3 The People charged Valcillo with two crimes: (1) forcibly committing a lewd act upon child (§ 288, subd. (b)(1)); and (2) attempted willful, deliberate, and premeditated murder (§§ 187, subd. (a), 664). The People alleged with respect to count 1 that the following circumstances in section 667.61 applied: the victim was a child under 14 years of age and the defendant inflicted great bodily injury (§ 667.61 subds. (d)(6), (j)(1)); the victim was a child under 14 years of age and the defendant committed the substantive offense during a burglary (§ 667.61 subds. (e)(2), (j)(2)); and the victim was a child under 14 years of age and the defendant used a deadly weapon (§ 667.61 subds. (e)(3), (j)(2)). The People alleged with respect to count 2 that Valcillo personally inflicted great bodily injury within the meaning of section 12022.7, subdivision (a), and personally used a deadly and dangerous weapon within the meaning of section 1192.7, subdivision (c)(23). At trial, the court instructed the jury with CALCRIM No. 301, which provides that the testimony of only one witness can prove any fact. The trial court did not give the bracketed portion of the instruction, which says, “[Except for the testimony of _______ , which requires supporting evidence [if you decide (he/she) is an accomplice],] . . . .”2 (CALCRIM No. 301.) Valcillo did not object to the omission or ask the court to read the bracketed portion of the instruction.
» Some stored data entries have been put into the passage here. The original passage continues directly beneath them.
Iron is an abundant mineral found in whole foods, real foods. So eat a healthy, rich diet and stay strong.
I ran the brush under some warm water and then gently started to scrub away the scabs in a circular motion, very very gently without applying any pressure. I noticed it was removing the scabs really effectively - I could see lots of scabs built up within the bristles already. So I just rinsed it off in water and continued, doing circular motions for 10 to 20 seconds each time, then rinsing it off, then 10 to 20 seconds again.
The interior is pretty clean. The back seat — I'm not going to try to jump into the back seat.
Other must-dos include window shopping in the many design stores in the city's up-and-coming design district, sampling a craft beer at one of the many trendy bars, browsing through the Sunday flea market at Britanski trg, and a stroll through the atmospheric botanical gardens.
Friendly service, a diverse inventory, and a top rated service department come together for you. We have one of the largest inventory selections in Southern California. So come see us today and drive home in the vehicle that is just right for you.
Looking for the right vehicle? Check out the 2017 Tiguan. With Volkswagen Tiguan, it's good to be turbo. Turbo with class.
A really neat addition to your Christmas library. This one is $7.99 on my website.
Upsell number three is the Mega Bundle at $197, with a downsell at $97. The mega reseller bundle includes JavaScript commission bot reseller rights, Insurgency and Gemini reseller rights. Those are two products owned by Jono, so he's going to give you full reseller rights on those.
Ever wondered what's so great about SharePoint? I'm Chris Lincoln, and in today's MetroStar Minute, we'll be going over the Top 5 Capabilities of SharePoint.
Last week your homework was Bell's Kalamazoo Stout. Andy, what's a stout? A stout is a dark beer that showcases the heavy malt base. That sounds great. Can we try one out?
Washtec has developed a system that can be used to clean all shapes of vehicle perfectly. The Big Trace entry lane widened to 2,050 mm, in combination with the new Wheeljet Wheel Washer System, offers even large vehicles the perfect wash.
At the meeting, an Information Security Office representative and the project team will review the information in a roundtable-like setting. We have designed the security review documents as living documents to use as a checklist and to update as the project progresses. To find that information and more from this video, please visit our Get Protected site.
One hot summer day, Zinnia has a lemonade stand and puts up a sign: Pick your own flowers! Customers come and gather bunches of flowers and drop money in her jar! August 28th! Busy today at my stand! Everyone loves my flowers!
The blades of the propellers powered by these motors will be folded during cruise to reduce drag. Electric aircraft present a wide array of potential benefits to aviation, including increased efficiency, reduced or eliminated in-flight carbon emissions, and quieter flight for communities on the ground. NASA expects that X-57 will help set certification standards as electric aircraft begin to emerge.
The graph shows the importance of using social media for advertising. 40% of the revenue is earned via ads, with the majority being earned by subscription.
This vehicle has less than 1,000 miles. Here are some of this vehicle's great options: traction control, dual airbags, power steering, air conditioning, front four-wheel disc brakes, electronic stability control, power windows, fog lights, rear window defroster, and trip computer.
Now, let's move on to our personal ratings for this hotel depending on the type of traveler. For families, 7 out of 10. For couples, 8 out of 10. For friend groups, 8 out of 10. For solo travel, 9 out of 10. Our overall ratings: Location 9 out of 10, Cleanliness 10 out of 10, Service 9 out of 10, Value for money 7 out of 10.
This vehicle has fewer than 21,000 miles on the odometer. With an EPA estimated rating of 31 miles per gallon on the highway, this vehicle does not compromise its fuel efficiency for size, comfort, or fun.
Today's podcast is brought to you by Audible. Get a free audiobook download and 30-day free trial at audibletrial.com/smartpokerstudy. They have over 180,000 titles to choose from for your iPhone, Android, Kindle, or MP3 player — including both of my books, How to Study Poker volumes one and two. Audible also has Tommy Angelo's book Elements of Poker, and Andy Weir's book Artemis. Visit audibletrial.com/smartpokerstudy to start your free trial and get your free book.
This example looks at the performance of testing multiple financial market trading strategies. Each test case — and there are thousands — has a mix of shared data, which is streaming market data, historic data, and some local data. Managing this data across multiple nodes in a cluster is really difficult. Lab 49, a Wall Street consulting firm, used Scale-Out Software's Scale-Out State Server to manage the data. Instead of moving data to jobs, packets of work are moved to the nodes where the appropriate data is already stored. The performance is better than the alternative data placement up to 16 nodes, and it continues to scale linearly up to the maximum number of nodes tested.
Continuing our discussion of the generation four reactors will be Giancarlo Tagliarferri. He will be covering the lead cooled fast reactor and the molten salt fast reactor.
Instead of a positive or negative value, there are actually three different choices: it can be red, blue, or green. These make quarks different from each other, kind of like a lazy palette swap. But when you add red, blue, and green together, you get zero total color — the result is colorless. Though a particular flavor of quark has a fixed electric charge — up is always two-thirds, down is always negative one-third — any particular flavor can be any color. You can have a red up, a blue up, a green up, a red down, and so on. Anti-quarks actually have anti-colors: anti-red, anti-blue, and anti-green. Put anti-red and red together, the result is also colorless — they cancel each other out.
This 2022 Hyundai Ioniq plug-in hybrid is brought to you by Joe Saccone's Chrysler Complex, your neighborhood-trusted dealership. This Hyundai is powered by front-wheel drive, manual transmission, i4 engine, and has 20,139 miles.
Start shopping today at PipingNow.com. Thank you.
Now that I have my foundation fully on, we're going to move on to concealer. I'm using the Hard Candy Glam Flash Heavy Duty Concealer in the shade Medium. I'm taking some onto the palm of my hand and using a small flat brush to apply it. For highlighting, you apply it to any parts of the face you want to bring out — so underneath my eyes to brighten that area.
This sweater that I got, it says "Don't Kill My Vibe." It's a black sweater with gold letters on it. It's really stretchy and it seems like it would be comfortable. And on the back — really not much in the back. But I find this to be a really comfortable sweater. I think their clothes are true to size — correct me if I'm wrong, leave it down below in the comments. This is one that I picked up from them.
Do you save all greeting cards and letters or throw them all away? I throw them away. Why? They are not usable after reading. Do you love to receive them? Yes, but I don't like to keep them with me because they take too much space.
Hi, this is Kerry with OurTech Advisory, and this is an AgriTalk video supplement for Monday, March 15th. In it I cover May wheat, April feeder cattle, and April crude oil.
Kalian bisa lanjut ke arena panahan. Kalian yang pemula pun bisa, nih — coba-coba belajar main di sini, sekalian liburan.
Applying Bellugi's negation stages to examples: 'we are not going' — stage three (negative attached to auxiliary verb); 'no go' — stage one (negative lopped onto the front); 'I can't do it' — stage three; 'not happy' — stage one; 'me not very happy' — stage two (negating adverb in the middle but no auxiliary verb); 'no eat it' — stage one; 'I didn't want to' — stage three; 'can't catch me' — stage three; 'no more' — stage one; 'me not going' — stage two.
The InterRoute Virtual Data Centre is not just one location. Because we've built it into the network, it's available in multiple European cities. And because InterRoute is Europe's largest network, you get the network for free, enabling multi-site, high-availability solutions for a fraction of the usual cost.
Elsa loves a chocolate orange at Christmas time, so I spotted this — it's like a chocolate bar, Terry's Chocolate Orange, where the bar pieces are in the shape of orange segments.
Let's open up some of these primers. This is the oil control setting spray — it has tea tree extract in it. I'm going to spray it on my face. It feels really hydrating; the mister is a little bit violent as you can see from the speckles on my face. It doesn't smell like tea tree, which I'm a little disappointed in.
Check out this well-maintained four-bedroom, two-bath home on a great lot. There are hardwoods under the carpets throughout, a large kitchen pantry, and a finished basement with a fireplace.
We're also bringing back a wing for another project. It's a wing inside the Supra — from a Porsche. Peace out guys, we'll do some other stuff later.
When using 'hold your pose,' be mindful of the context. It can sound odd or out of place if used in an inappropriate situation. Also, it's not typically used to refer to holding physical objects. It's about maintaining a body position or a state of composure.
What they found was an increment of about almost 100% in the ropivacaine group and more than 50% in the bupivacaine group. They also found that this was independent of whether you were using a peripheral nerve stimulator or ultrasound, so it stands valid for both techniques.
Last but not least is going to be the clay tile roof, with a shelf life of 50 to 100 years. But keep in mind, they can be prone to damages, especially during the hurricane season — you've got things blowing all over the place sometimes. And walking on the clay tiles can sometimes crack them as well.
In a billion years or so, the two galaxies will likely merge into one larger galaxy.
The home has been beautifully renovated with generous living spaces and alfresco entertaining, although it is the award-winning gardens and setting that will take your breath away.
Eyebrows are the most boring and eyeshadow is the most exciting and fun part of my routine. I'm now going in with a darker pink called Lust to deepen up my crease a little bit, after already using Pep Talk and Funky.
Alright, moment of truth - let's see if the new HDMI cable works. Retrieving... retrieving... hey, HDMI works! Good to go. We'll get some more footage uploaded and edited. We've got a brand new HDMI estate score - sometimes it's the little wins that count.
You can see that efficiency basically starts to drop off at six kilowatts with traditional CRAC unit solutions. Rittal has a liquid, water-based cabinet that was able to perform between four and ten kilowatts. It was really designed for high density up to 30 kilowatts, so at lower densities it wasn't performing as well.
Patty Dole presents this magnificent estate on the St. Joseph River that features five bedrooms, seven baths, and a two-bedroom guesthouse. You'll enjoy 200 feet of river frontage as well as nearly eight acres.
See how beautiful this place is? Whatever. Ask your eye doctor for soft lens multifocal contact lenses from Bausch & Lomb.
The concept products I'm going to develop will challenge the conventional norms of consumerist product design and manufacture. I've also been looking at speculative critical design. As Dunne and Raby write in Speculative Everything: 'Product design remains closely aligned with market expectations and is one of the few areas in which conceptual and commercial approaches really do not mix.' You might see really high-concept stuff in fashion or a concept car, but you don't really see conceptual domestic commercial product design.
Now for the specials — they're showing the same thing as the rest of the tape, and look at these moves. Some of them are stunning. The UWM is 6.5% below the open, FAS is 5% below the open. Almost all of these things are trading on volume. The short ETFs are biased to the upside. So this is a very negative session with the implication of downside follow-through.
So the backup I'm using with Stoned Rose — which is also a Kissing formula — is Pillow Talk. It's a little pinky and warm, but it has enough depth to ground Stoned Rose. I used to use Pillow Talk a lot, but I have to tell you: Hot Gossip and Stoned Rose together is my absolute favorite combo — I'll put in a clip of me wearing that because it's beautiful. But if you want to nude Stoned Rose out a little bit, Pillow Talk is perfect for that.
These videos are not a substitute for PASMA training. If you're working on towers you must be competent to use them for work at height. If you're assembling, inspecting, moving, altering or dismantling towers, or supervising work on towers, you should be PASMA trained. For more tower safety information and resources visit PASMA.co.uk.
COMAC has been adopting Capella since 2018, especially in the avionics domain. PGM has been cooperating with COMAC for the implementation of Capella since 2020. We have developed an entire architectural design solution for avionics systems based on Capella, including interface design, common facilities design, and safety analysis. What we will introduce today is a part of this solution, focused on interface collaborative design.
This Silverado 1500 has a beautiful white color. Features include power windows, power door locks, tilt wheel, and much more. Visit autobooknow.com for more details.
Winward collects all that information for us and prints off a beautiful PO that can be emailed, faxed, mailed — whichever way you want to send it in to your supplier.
The guilty verdict form for count 1 required the jury to find Valcillo “guilty of the crime of forcible lewd act upon a child, to wit, Alondra, a child under the age of 14 years . . . .” (Emphasis omitted.) The guilty verdict form also asked the jury to find true or not true the allegations that Valcillo (1) “personally inflicted great bodily injury on the victim,” (2) “personally used a dangerous or deadly weapon,” and (3) committed the offense “during the commission of a burglary.” The verdict form did not ask the jury to find true or not true a separate allegation that Alondra was under the age of 14.

2 The bench notes for CALCRIM No. 301 state, “Insert the bracketed language if the testimony of an accomplice or other witness requires corroboration.”

4 This omission was not the result of inadvertence or oversight. Counsel for Valcillo stipulated that the guilty verdict form for count 1, which already required the jury to find Alondra was under the age of 14 in order to convict him of forcibly committing a lewd act upon a child, did not need to ask the jury a separate question whether the allegation Alonda was under the age of 14 was true. “Mr.